> **WORK ORDER**:
Transcribe the entries below exactly, starting with the line that has "So let's see" and stopping after the line that has "Hello, and welcome"; no pictures belong in the copy.

> **AVAILABLE RECORDS**:
= = = = =
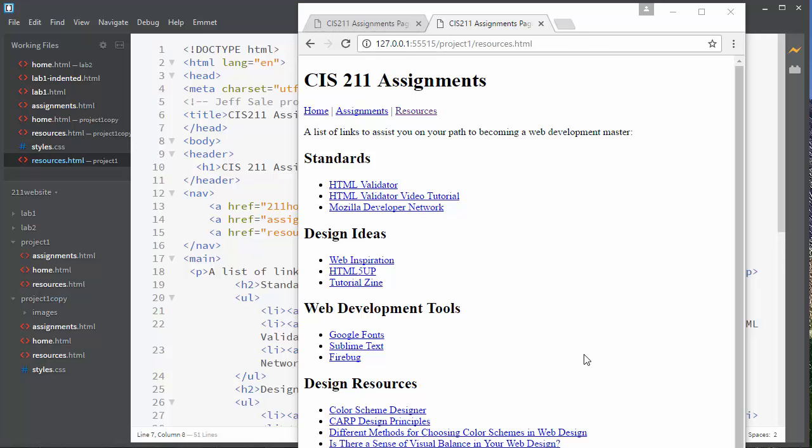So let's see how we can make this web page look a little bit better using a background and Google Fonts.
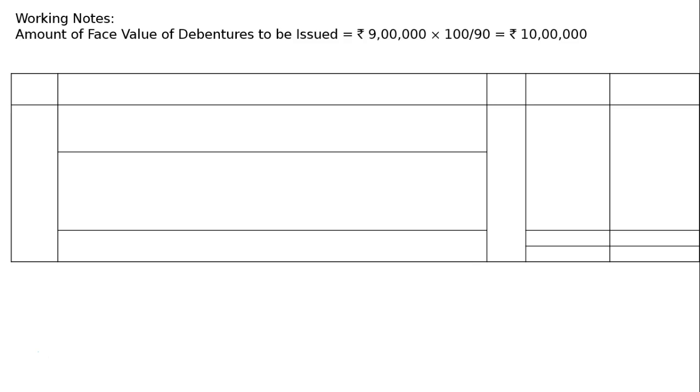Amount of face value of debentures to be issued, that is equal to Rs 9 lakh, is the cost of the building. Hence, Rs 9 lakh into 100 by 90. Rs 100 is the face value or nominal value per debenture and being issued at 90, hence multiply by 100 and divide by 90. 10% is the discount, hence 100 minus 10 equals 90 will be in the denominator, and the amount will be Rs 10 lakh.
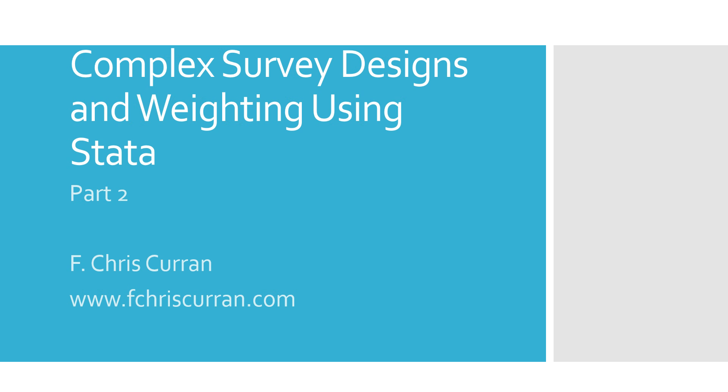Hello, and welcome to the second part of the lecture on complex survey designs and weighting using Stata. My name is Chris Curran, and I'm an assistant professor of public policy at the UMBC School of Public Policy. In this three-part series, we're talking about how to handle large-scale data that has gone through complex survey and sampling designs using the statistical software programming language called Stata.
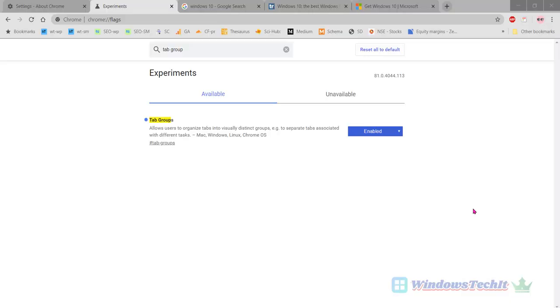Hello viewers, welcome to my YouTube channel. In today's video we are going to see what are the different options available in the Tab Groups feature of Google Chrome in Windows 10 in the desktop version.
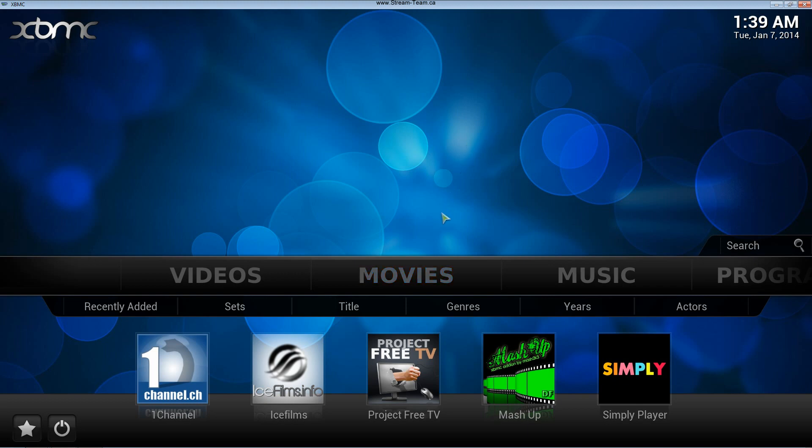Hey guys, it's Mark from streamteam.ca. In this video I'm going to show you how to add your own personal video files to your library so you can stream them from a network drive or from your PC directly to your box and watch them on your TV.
= = = = =
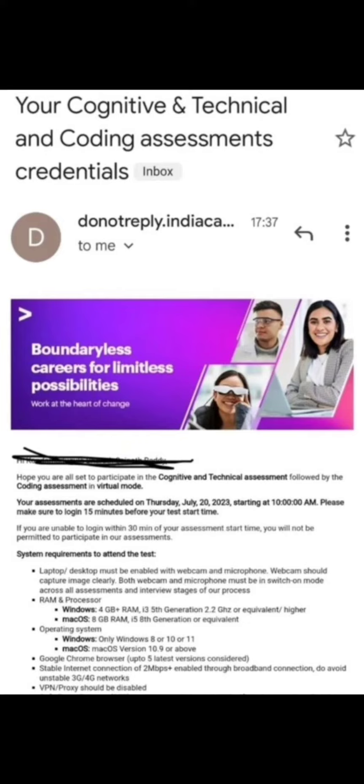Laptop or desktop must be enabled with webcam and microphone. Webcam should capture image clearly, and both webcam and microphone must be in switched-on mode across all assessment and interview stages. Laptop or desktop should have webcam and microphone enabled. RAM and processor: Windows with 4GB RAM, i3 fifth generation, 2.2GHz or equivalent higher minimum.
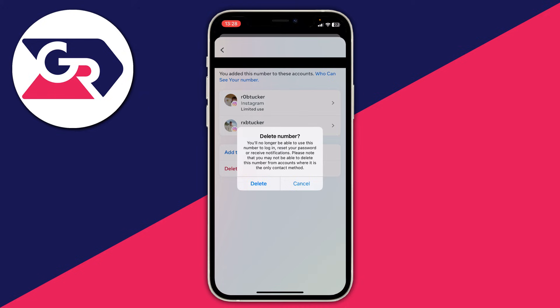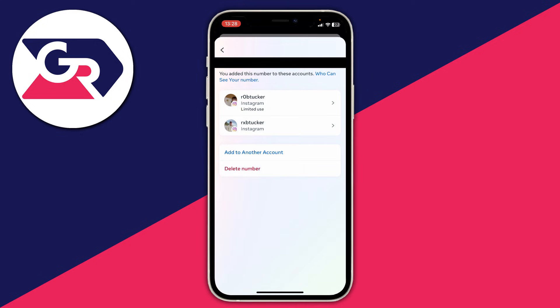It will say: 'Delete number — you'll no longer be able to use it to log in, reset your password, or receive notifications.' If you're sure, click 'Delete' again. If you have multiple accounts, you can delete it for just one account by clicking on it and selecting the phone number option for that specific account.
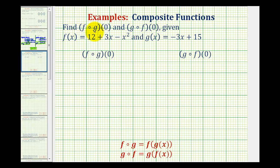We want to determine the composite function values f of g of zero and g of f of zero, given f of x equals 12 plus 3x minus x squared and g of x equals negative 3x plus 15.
= = = = =
> **TASK SOLUTION**:
So let's see how we can make this web page look a little bit better using a background and Google Fonts.
Amount of face value of debentures to be issued, that is equal to Rs 9 lakh, is the cost of the building. Hence, Rs 9 lakh into 100 by 90. Rs 100 is the face value or nominal value per debenture and being issued at 90, hence multiply by 100 and divide by 90. 10% is the discount, hence 100 minus 10 equals 90 will be in the denominator, and the amount will be Rs 10 lakh.
Hello, and welcome to the second part of the lecture on complex survey designs and weighting using Stata. My name is Chris Curran, and I'm an assistant professor of public policy at the UMBC School of Public Policy. In this three-part series, we're talking about how to handle large-scale data that has gone through complex survey and sampling designs using the statistical software programming language called Stata.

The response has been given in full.